▸ **Your goal**:
The records below hold a stretch from the line with "Mid-Century Modern Style Armchair Collection" through the line with "Best Naturals Berberine"; return exactly those lines, ends included, and nothing more.

▸ **Short web captions**:
Start of Block

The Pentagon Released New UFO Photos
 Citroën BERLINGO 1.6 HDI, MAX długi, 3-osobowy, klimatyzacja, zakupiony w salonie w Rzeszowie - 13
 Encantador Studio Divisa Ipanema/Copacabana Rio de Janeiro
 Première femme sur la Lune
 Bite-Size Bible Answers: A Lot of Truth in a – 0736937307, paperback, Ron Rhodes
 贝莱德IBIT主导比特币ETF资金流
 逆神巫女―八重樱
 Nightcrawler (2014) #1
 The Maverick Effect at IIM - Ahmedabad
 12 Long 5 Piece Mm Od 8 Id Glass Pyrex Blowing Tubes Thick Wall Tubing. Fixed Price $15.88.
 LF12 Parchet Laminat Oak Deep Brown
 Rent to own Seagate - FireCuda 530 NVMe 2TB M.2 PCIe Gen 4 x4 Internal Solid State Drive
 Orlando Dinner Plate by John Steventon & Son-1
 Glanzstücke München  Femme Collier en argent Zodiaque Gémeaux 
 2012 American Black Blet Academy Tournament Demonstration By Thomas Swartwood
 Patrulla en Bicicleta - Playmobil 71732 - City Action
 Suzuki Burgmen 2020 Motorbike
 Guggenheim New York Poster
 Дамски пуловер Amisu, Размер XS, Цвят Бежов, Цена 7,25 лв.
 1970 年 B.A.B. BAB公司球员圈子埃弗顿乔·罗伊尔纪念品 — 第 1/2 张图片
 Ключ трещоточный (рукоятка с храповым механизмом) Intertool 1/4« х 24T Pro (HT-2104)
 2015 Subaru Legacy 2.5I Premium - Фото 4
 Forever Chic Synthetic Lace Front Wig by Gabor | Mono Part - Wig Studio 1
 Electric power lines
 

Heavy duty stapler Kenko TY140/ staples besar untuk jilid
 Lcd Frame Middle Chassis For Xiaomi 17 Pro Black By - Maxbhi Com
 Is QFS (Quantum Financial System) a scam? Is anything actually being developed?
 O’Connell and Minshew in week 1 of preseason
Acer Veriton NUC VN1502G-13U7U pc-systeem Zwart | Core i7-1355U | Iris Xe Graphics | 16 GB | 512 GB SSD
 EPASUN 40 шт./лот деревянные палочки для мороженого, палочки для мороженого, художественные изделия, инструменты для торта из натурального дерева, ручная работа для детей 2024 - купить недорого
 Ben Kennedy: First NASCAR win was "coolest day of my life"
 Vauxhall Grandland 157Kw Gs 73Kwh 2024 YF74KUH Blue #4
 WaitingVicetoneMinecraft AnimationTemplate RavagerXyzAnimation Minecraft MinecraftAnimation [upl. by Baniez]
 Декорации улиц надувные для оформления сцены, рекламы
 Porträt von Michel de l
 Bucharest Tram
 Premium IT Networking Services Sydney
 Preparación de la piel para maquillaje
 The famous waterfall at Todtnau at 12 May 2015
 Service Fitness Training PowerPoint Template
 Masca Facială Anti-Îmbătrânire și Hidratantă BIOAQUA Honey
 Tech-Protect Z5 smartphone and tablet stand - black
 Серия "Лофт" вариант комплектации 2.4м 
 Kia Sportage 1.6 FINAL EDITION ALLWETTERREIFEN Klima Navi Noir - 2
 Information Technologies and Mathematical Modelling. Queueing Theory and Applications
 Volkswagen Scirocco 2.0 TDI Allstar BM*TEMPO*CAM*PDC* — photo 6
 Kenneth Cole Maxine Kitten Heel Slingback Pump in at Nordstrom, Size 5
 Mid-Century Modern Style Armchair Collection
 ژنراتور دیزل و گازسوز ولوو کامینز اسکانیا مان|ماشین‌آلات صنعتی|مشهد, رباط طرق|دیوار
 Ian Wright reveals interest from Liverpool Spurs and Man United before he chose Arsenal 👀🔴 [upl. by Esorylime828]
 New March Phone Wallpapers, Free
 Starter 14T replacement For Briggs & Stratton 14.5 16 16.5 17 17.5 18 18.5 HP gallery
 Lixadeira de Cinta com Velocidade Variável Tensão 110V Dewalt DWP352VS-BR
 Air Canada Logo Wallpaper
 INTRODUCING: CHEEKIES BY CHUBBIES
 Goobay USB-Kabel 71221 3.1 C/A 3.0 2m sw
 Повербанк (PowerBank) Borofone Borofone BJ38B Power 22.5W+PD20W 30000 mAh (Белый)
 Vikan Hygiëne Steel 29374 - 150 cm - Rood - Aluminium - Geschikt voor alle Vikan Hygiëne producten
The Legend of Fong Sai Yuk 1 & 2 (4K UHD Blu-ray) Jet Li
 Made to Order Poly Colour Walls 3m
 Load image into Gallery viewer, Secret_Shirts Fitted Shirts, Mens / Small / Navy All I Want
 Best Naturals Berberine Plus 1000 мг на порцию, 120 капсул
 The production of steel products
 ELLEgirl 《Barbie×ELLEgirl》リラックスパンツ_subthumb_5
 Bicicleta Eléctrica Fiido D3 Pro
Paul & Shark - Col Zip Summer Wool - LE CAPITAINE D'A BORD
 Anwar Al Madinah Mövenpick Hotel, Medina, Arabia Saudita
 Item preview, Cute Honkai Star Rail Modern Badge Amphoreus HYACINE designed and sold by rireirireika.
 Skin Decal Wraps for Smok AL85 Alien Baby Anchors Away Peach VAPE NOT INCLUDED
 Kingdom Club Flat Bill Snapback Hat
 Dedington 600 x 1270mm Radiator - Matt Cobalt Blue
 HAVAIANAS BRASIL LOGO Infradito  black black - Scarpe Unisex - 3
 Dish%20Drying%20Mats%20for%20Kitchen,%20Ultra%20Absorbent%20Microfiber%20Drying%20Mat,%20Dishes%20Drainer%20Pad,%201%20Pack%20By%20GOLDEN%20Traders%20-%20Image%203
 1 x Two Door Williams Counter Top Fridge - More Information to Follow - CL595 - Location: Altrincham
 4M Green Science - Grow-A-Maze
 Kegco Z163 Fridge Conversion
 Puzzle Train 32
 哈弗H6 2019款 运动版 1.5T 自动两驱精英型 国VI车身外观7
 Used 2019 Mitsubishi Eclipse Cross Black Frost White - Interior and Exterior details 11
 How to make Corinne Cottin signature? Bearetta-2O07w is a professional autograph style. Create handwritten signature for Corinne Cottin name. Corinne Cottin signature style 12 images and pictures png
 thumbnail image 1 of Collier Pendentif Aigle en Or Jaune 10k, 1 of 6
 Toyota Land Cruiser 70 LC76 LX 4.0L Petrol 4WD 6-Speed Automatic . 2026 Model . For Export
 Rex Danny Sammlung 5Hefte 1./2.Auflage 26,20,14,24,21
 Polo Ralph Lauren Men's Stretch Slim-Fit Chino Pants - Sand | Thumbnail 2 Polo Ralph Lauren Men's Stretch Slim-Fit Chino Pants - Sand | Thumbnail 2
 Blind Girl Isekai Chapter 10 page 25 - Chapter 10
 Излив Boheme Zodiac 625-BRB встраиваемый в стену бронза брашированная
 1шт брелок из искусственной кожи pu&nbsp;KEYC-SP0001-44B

End of Block

▸ **Output for this task**:
 Mid-Century Modern Style Armchair Collection
 ژنراتور دیزل و گازسوز ولوو کامینز اسکانیا مان|ماشین‌آلات صنعتی|مشهد, رباط طرق|دیوار
 Ian Wright reveals interest from Liverpool Spurs and Man United before he chose Arsenal 👀🔴 [upl. by Esorylime828]
 New March Phone Wallpapers, Free
 Starter 14T replacement For Briggs & Stratton 14.5 16 16.5 17 17.5 18 18.5 HP gallery
 Lixadeira de Cinta com Velocidade Variável Tensão 110V Dewalt DWP352VS-BR
 Air Canada Logo Wallpaper
 INTRODUCING: CHEEKIES BY CHUBBIES
 Goobay USB-Kabel 71221 3.1 C/A 3.0 2m sw
 Повербанк (PowerBank) Borofone Borofone BJ38B Power 22.5W+PD20W 30000 mAh (Белый)
 Vikan Hygiëne Steel 29374 - 150 cm - Rood - Aluminium - Geschikt voor alle Vikan Hygiëne producten
The Legend of Fong Sai Yuk 1 & 2 (4K UHD Blu-ray) Jet Li
 Made to Order Poly Colour Walls 3m
 Load image into Gallery viewer, Secret_Shirts Fitted Shirts, Mens / Small / Navy All I Want
 Best Naturals Berberine Plus 1000 мг на порцию, 120 капсул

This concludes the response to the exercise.